Shippers and Carriers Eye Alternatives to Long-Term Contracts and Fixed Rates
By Carly Fields
The days of long-term contracts and fixed rates are past, according to a Rethinking Freight Formats panel discussion at Breakbulk Middle East. Now, shippers and carriers are turning to alternative contracting methods to secure carriage.
Steffen Behrens, president for the Middle East for deugro, said that the pandemic had fundamentally changed the whole approach to contracting, and that shippers are “still trying to figure out how to do it right.”

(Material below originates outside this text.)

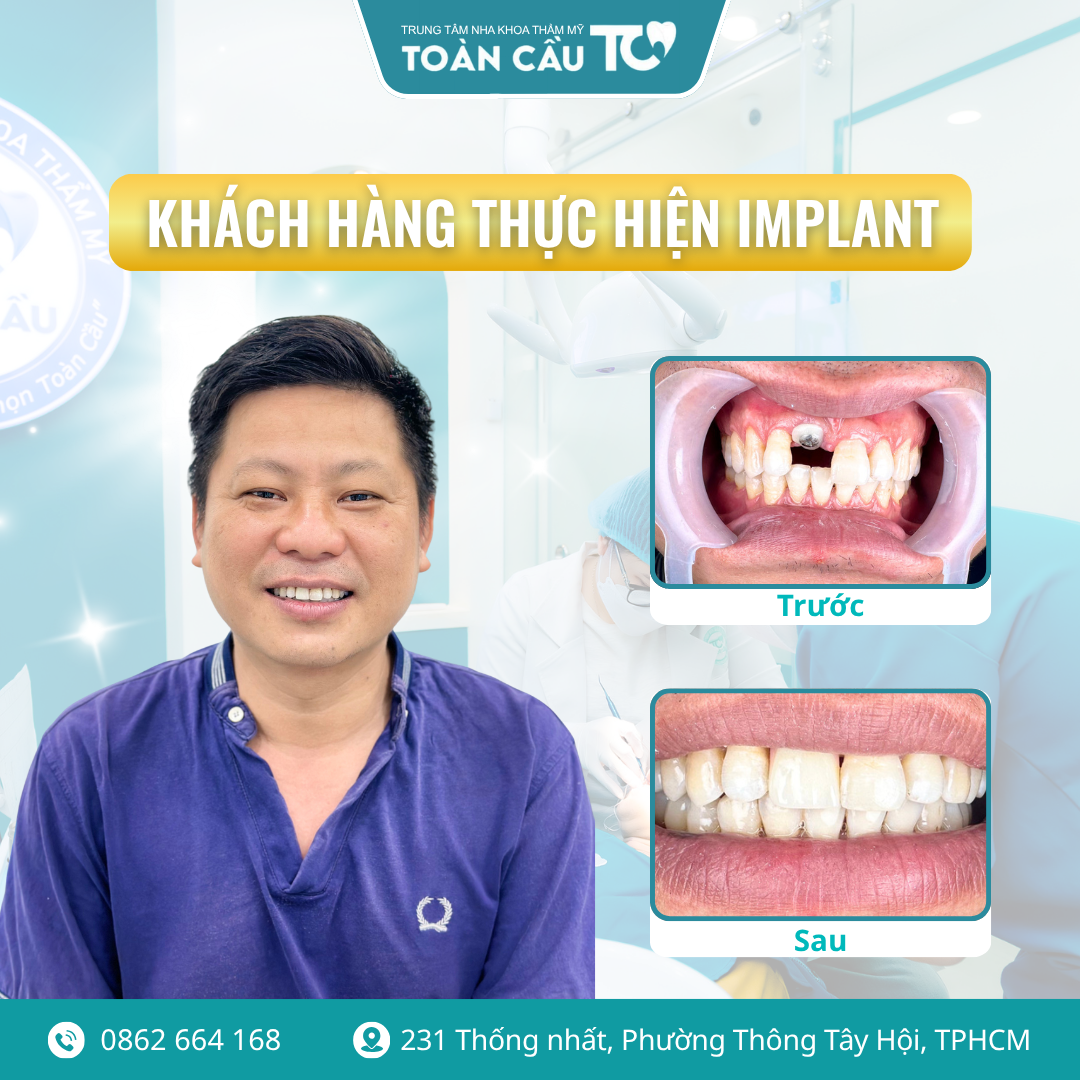 cay implant co bien chung khong 5 quy tac vang de phau thuat an toan 2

There is not yet one perfect solution, he added. “You will not get long-term rate validity today, especially for an EPC project where you do not know the volumes, the engineering and so on.”

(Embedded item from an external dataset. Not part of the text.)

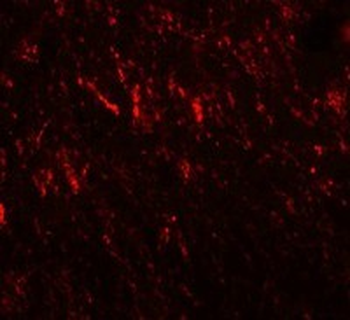 PRICKLE2 Antibody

Cost-plus contracts were offered up by the panel as one alternative to the contracting methods of the past. However, that too came with caveats. Behrens said: “You need to define exactly how you want to deal with cost-plus. We have seen clients that have gone with three cost-plus agreements, and we have seen challenges and difficulties with that.”

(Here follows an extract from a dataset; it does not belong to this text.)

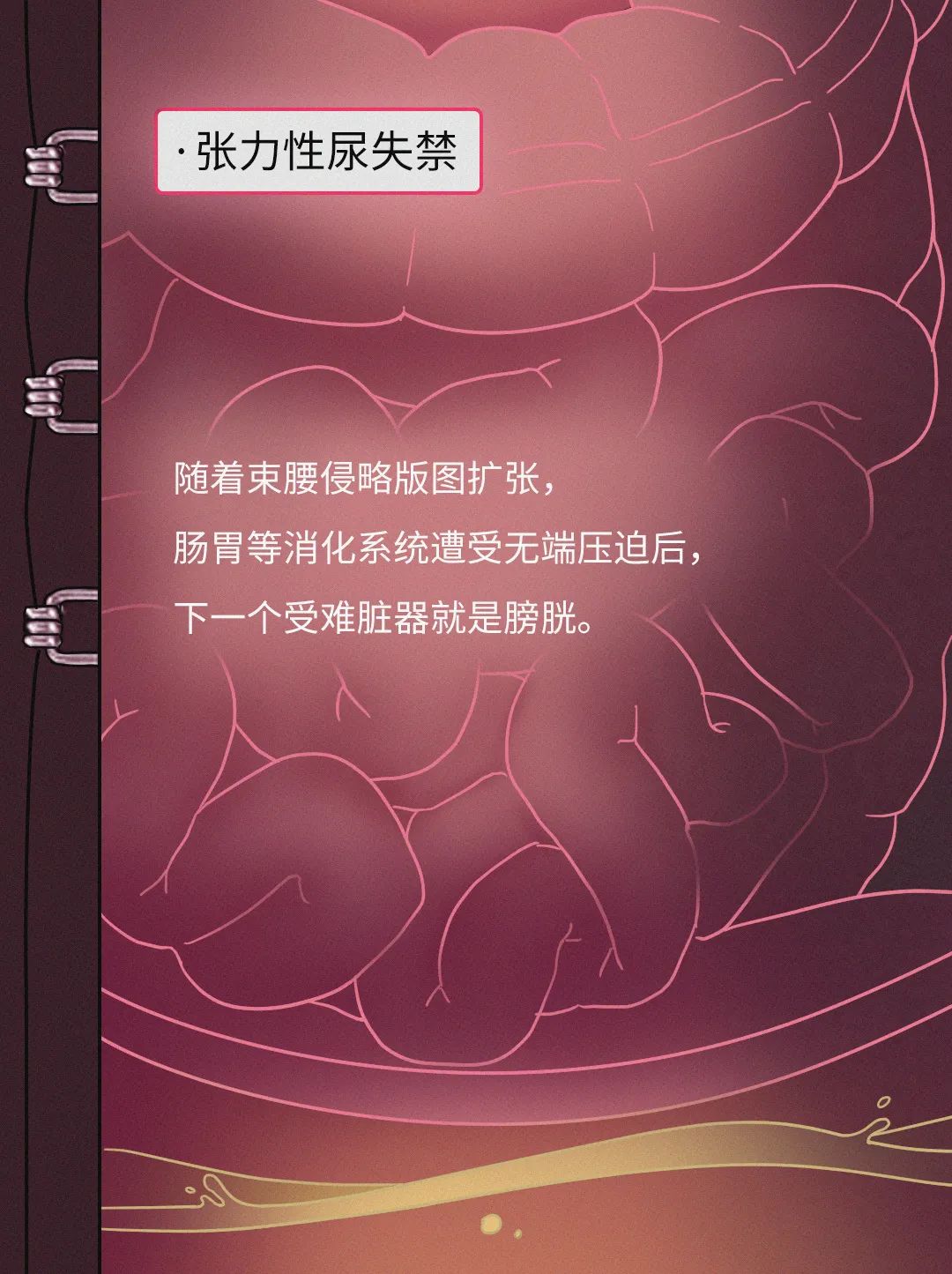 内脏下垂、子宫脱落、漏尿…月销10w的网红束腰是如何毁掉中国女孩的？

Overall, there is a desire to shift towards a fairer and more balanced operating environment, reducing the number of unnecessary risks and with “less gambling,” said panel moderator Cyril Varghese, global logistics director at Fluor.
In this new operating environment, he asked whether there were opportunities for the market to look at different pricing mechanisms. One suggestion was the indexation of freight rates, using those to benchmark standard routes, similar to the indices used in other shipping sectors.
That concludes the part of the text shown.